Coincé dans un train contaminé et rapidement rempli de zombies, un père n'a qu'une seule idée en tête : conduire sa fille chez sa mère, à Busan. On retrouve dans cette trame minimale les principes mêmes du film de zombie : une unité de lieu (le train), un groupe de survivants hétérogène et divisé (chef d'entreprise vs SDF), métaphore supposée des tensions d'une société dont le huis-clos va accentuer les antagonismes. C'est le programme écrit par Romero il y a environ un demi-siècle avec Night of the living Dead (1968) et prolongé jusqu'à Land of the Dead (2005), qui abandonnait l'idée du refuge humain pour raconter le destin d'un Moïse-zombie (Big Daddy) cherchant une terre promise pour son peuple de réprouvés. Preuve que Romero a su s'adapter aux grands changements politiques de son pays (il y a des échos du discours de Bush sur l'Axe du Mal dans Land of the dead) et à l'évolution plastique du cinéma d'horreur, la forme du found footage étant devenue prééminente dans Diary of the Dead (2008).


Romero a pourtant été le seul à maintenir un cap politique dans le film de zombies, celui-ci s'est largement dépolitisé, s'ouvrant à des parodies (Shaun of the Dead, Zombieland) où le mort-vivant est revenu à sa forme première, en deçà de toute allégorie. Soit une caricature grotesque d'être humain englobée dans une masse grimaçante et désarticulée, génialement imitée par Simon Pegg dans la scène de marche zombiesque de Shaun of the Dead (2004). Le vide politique du film de zombie contemporain – au regard duquel Land of the Dead est apparu en 2005 comme déphasé, presque ringard - a trouvé son apogée dans Zombieland (Ruben Fleischer, 2009) qui revient, en toute logique, au parc d'attractions et au jeu de massacre. Les plans – nombreux dans Busan – de faciès de zombies écrasés sur les vitres du train ou collés aux portes en Plexiglas séparant les wagons sont typiques de ce grotesque horrifique que l'on trouvait déjà dans les premiers Romero (notamment dans Zombie), et qui fonctionnait comme le ressort principal de la satire sociale.
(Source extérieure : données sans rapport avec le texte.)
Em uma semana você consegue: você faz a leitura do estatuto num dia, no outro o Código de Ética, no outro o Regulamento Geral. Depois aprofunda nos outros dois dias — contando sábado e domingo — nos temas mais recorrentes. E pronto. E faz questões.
Corps sans vie organique, réduits à de simples masques de foire, les zombies de Busan ne sont plus que les ombres de leurs homologues américains : on ne le voit pas décharner les corps pour les consommer, mais simplement mordre et (surtout) grimacer.
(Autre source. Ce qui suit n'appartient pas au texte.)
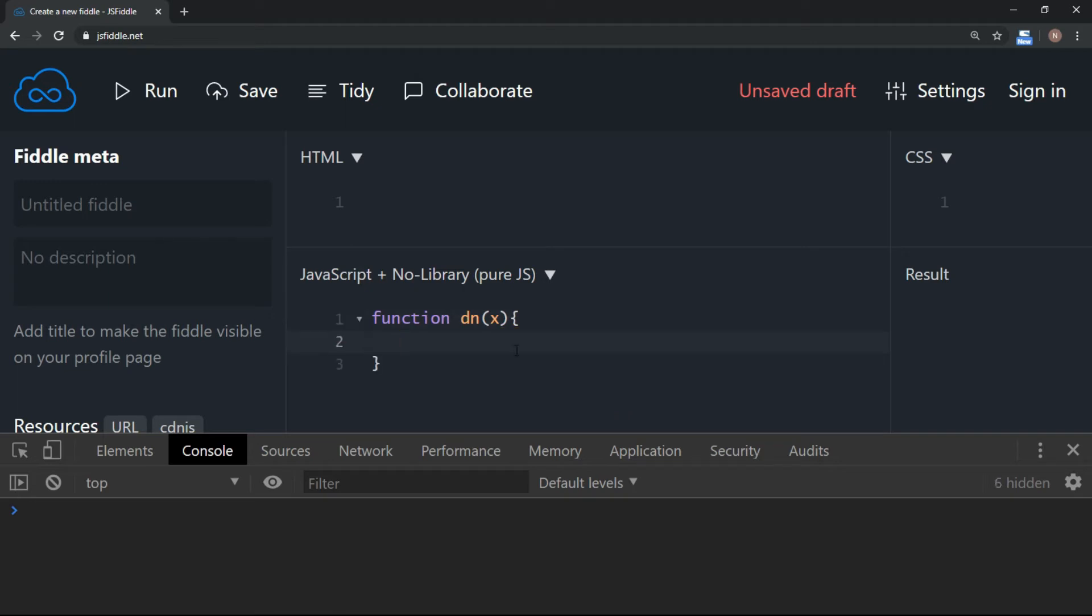Because I am implementing recursion, I am going to call the function from the function itself. Of course, there will be one more call of a function from the main program.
Busan soulève de ce point de vue un paradoxe intéressant : alors que la figure du zombie a été surexploitée durant ces quinze dernières années (aux parodies déjà citées, il faudrait ajouter le remake de Dawn of the Dead réalisé par Zack Snyder, la série The Walking Dead, la comédie horrifique Warm Bodies...), elle n'a quasiment pas évolué plastiquement. World War Z, le blockbuster de Marc Forster produit par Brad Pitt en 2013, a fixé sa forme contemporaine : celle d'une masse numérique se déplaçant par vagues, à un rythme frénétique qui ramène les créations artisanales de Romero à la préhistoire du genre. C'est cette forme que l'on retrouve dans Busan et c'est peu dire que le film de Sang-Ho Yeon ait fait de World War Z un modèle, il lui doit en réalité à-peu-près tout. Son imaginaire apocalyptique (une pandémie déclenchée par une industrie biochimique) et sa façon de mêler film catastrophe et pathos familial (autour du personnage de la petite fille qui doit rentrer chez sa mère) sont sans doute la recette de son succès phénoménal en Corée, où il a fait exploser en quelques semaines le box office national.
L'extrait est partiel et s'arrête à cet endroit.